#### TASK DATA:
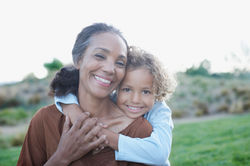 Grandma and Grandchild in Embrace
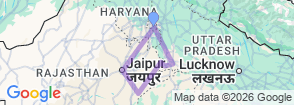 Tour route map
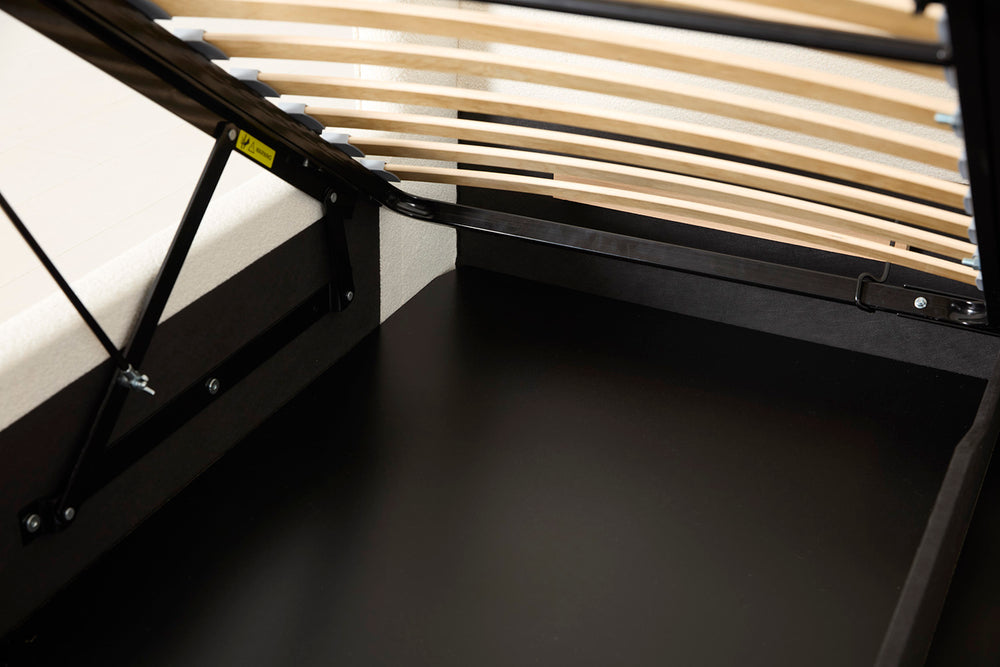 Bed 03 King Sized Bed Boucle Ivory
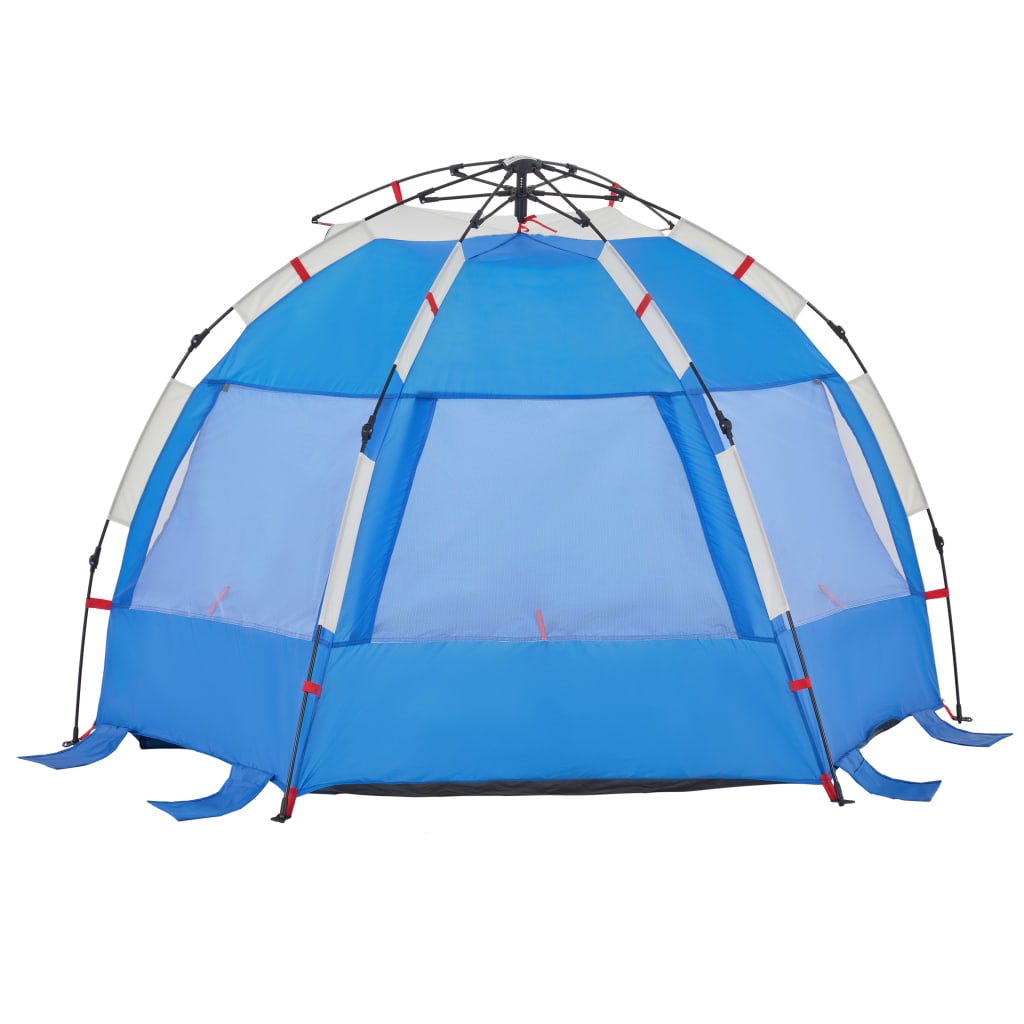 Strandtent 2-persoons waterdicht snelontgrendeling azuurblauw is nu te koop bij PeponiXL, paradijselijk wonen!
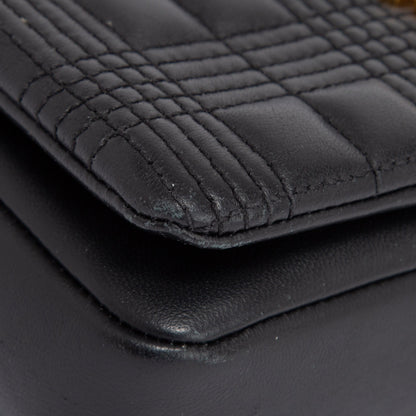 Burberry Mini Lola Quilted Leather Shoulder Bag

---

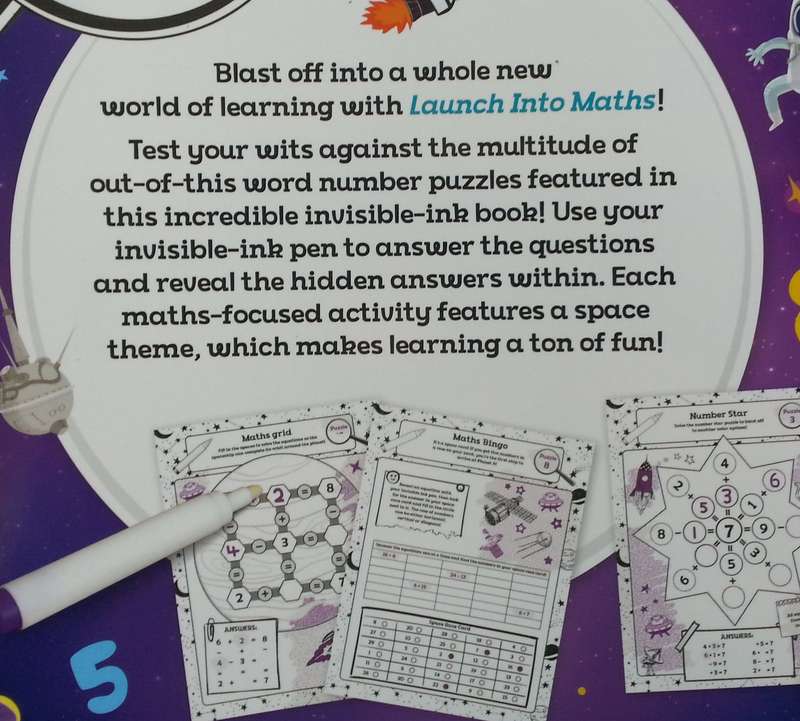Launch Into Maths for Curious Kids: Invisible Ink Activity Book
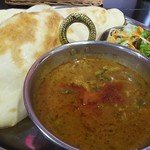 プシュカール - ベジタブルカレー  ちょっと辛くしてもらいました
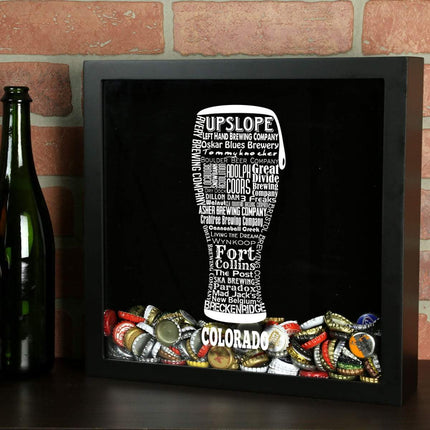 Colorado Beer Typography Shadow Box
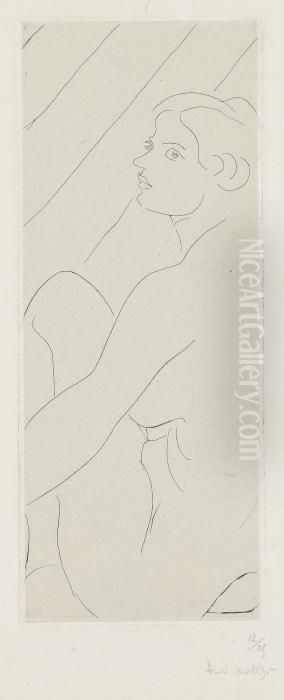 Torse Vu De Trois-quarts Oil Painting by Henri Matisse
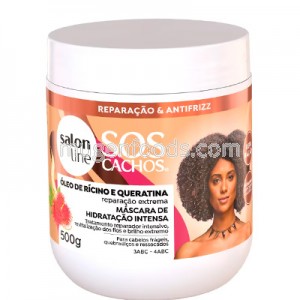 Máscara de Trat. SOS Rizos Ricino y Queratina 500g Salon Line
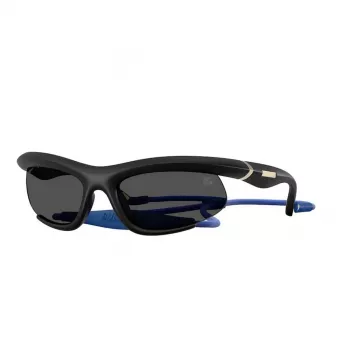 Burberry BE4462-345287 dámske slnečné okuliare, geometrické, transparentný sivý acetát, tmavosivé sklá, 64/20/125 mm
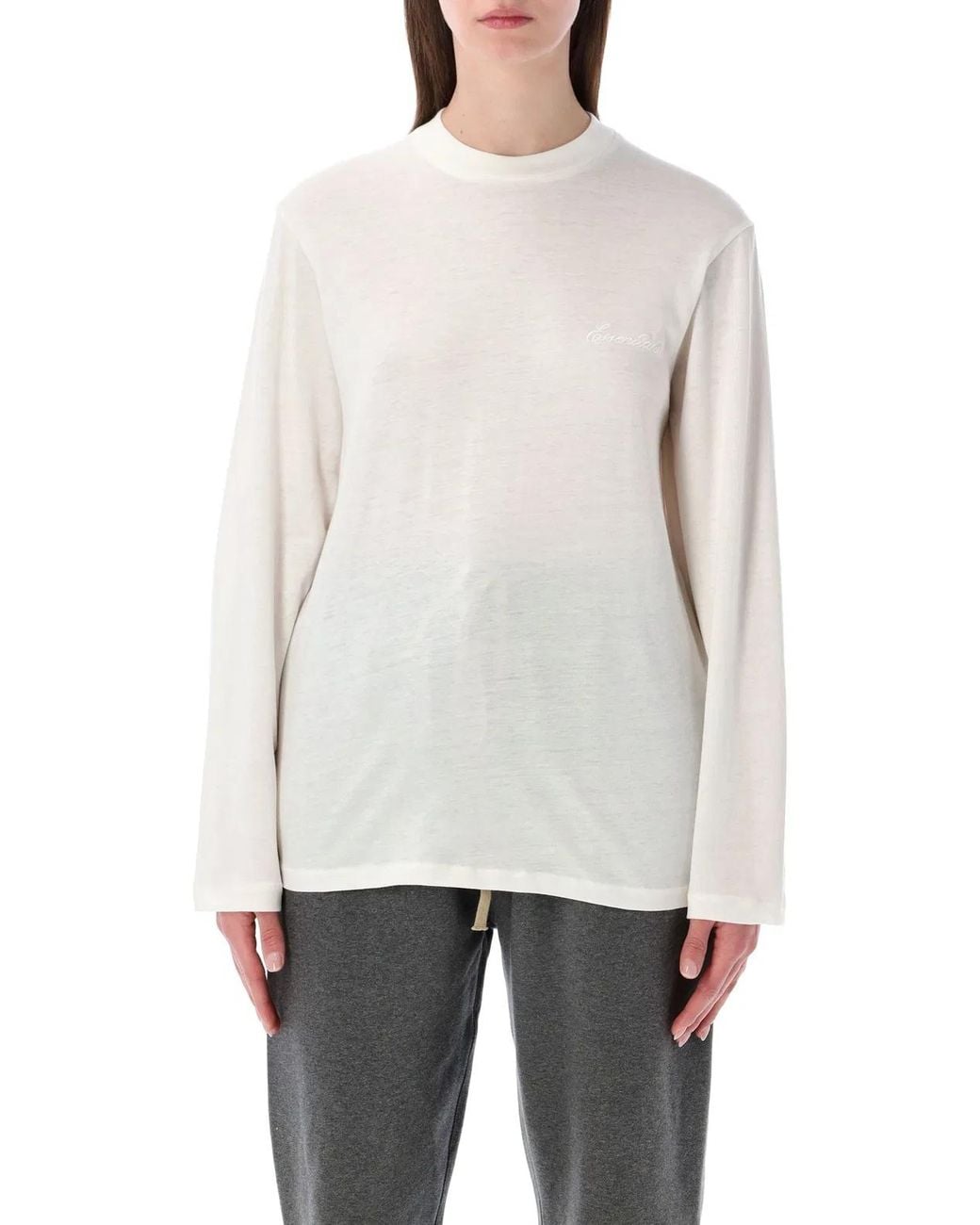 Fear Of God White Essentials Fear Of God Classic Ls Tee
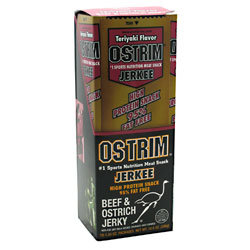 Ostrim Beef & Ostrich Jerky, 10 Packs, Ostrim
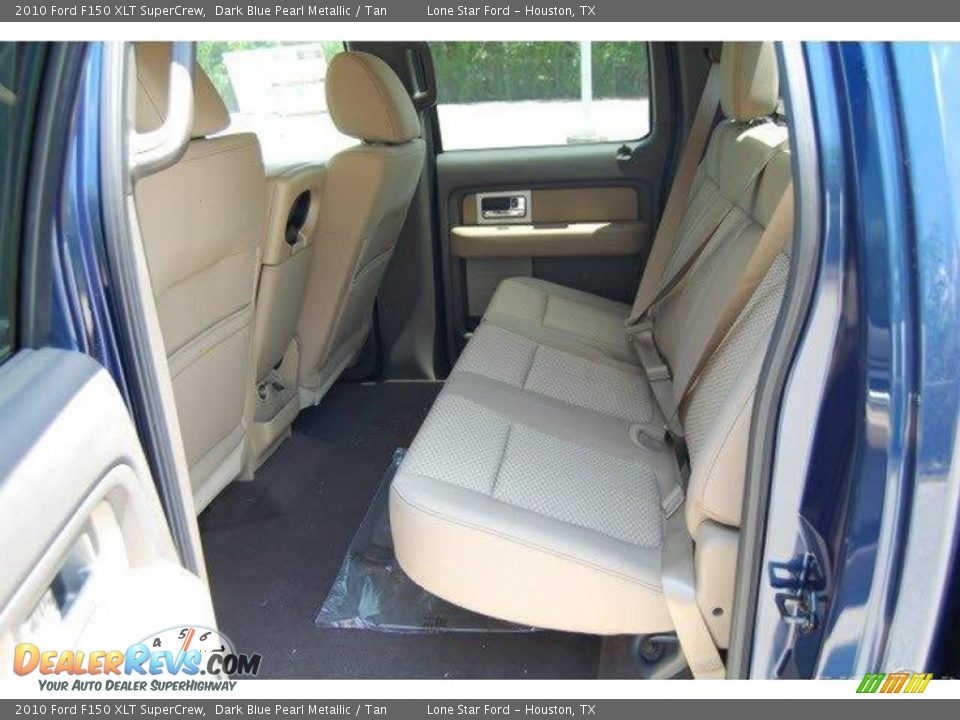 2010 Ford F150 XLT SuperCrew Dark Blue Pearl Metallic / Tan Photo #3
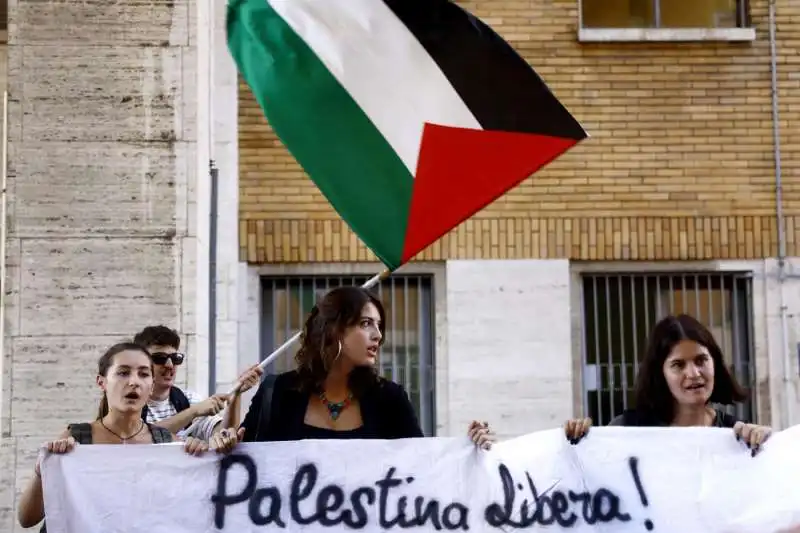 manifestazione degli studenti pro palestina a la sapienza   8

#### WHAT THE TASK REQUIRES:
In the data above, take the line with "Launch Into Maths", the line with "manifestazione degli studenti", and every line between, and set them down exactly without pictures.

#### SOLUTION FOR THIS PROBLEM:
Launch Into Maths for Curious Kids: Invisible Ink Activity Book
 プシュカール - ベジタブルカレー  ちょっと辛くしてもらいました
 Colorado Beer Typography Shadow Box
 Torse Vu De Trois-quarts Oil Painting by Henri Matisse
 Máscara de Trat. SOS Rizos Ricino y Queratina 500g Salon Line
 Burberry BE4462-345287 dámske slnečné okuliare, geometrické, transparentný sivý acetát, tmavosivé sklá, 64/20/125 mm
 Fear Of God White Essentials Fear Of God Classic Ls Tee
 Ostrim Beef & Ostrich Jerky, 10 Packs, Ostrim
 2010 Ford F150 XLT SuperCrew Dark Blue Pearl Metallic / Tan Photo #3
 manifestazione degli studenti pro palestina a la sapienza   8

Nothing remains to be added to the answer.